**ABOUT THIS EXERCISE**
Pictures excluded, set down exactly the lines from the one containing "Chan Luu Necklaces" through the final line of the material, and only those.

(INFORMATION begins)

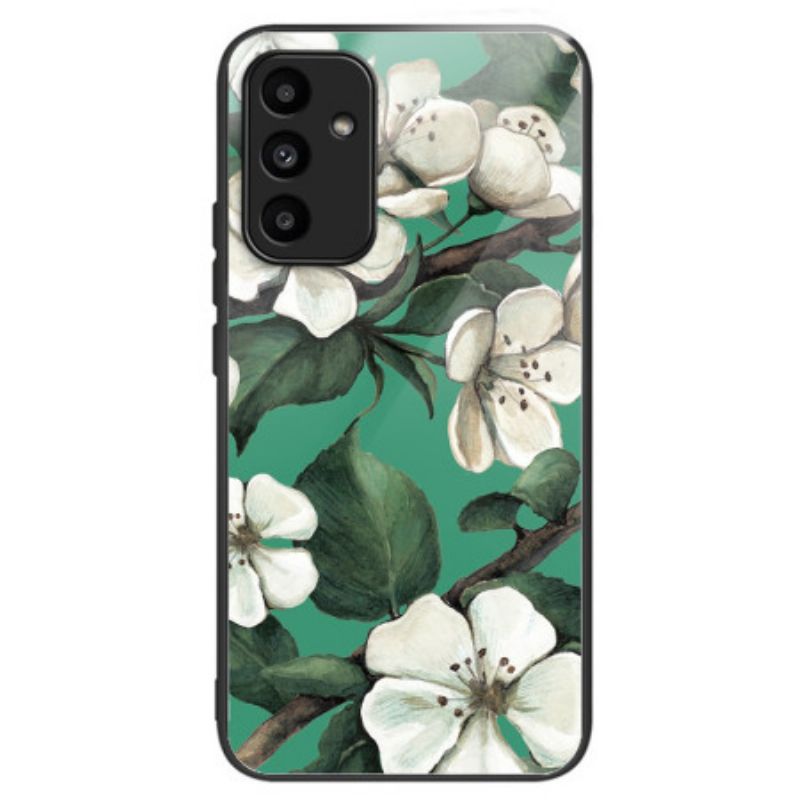 Hoesje Voor Samsung Galaxy A15 Gehard Glas Witte Bloemen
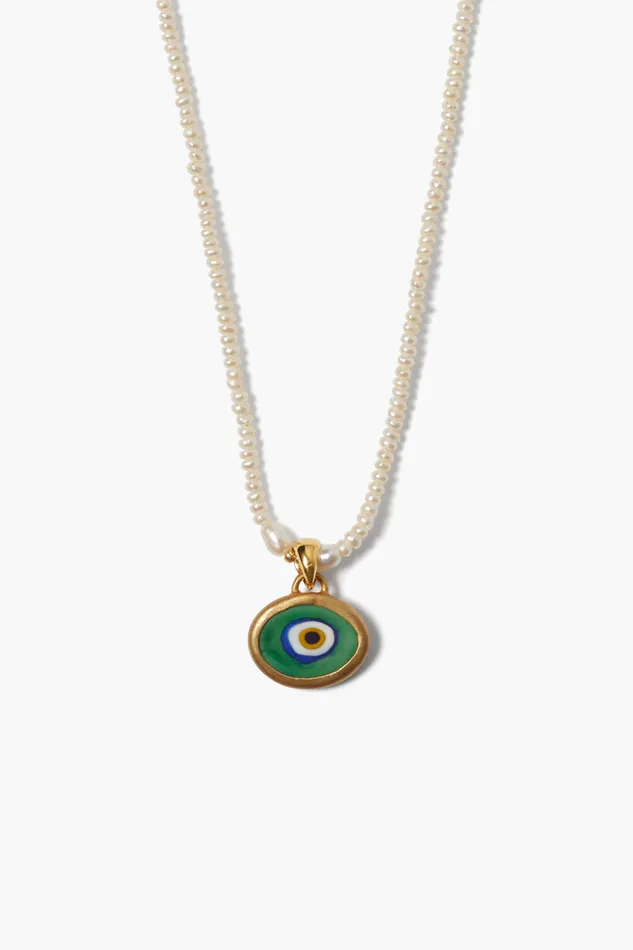 Chan Luu Necklaces Mya Evil Eye Necklace White Pearl 8211 Women
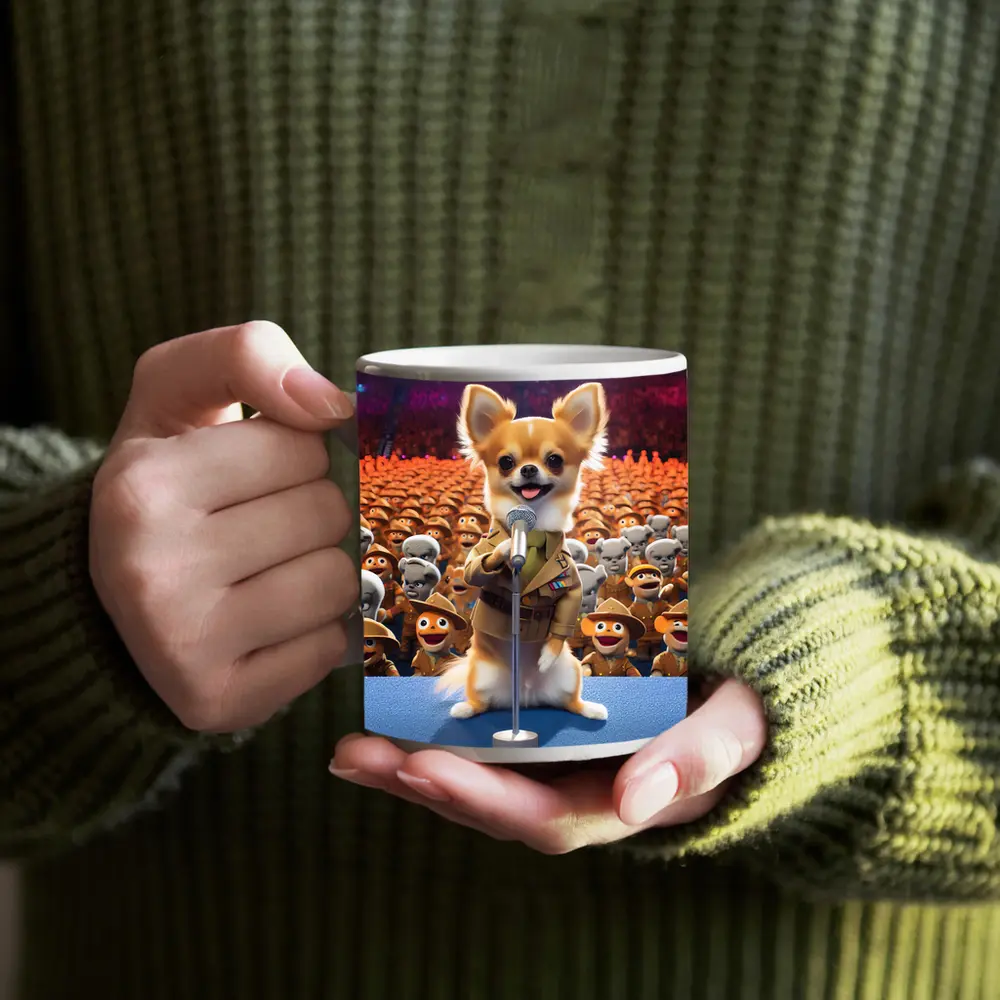 Chihuahua Commander Speech Cartoon Army Crowd – Mugs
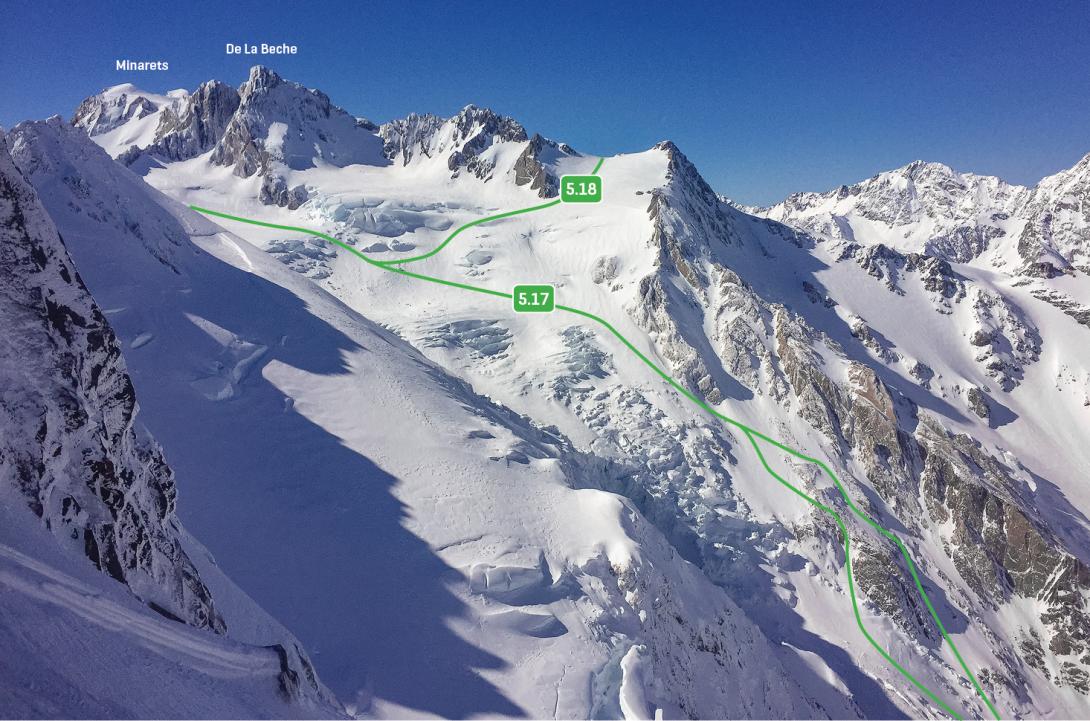 De La Beche and the upper Rudolf Glacier from the Meteor-Aurora col, September 2016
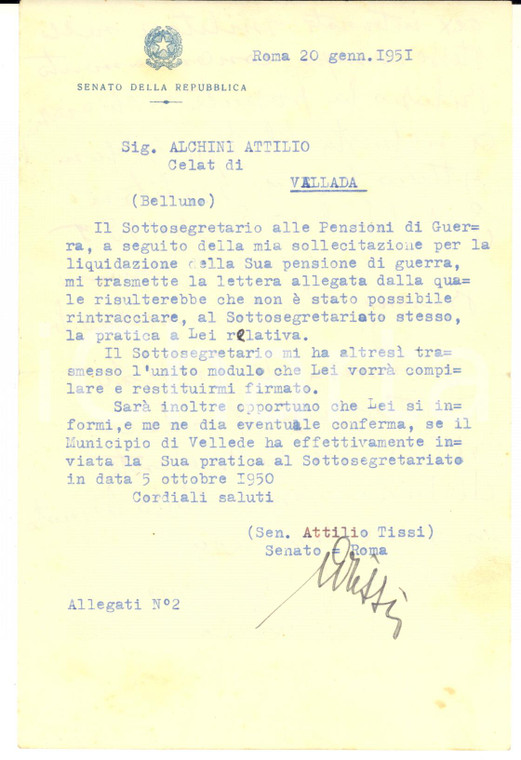 1951 ROMA Lettera Attilio TISSI per una pensione di guerra - AUTOGRAFO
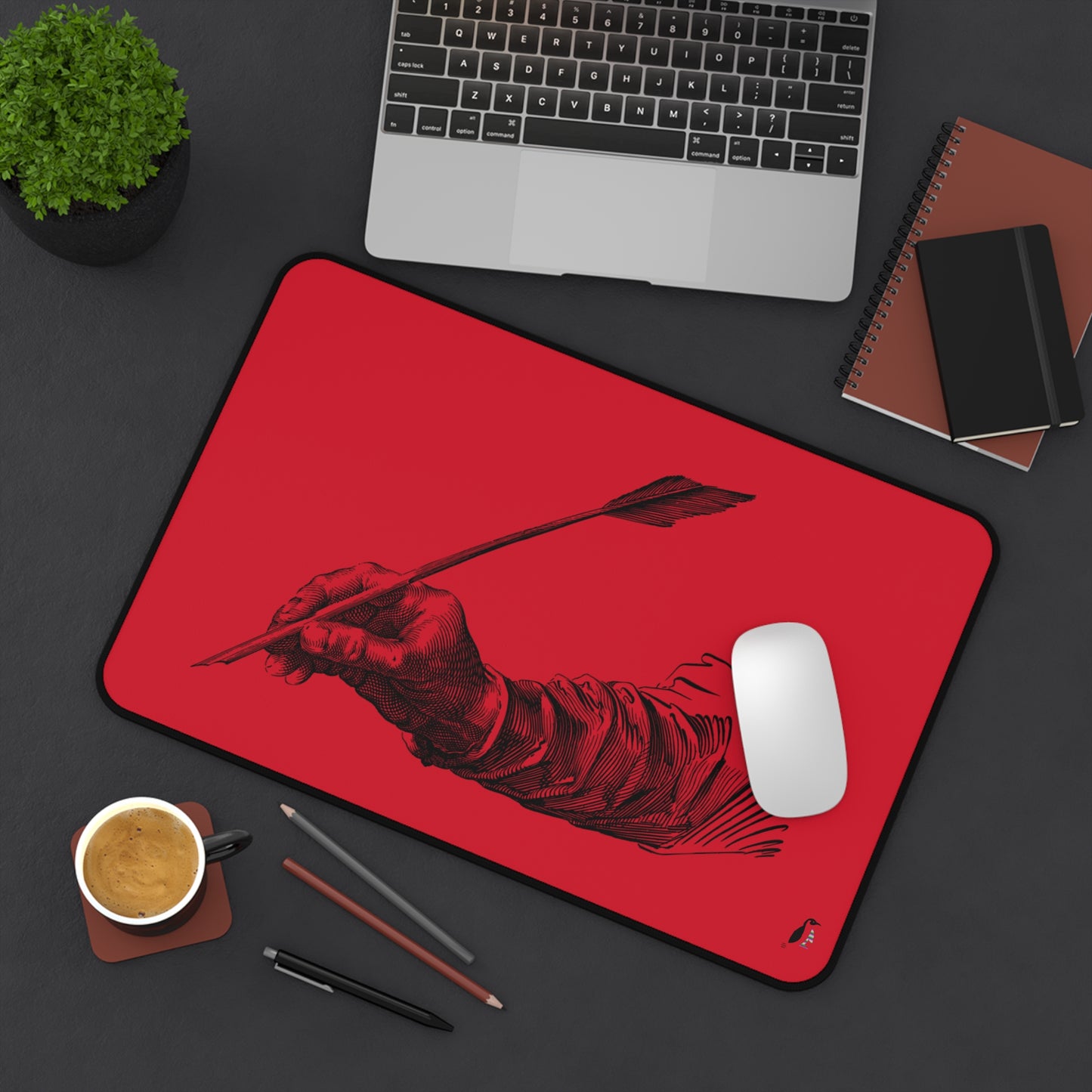 Desk Mat: Writing Dark Red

(INFORMATION ends)

**ANSWER TO THE EXERCISE**
 Chan Luu Necklaces Mya Evil Eye Necklace White Pearl 8211 Women
 Chihuahua Commander Speech Cartoon Army Crowd – Mugs
 De La Beche and the upper Rudolf Glacier from the Meteor-Aurora col, September 2016
 1951 ROMA Lettera Attilio TISSI per una pensione di guerra - AUTOGRAFO
 Desk Mat: Writing Dark Red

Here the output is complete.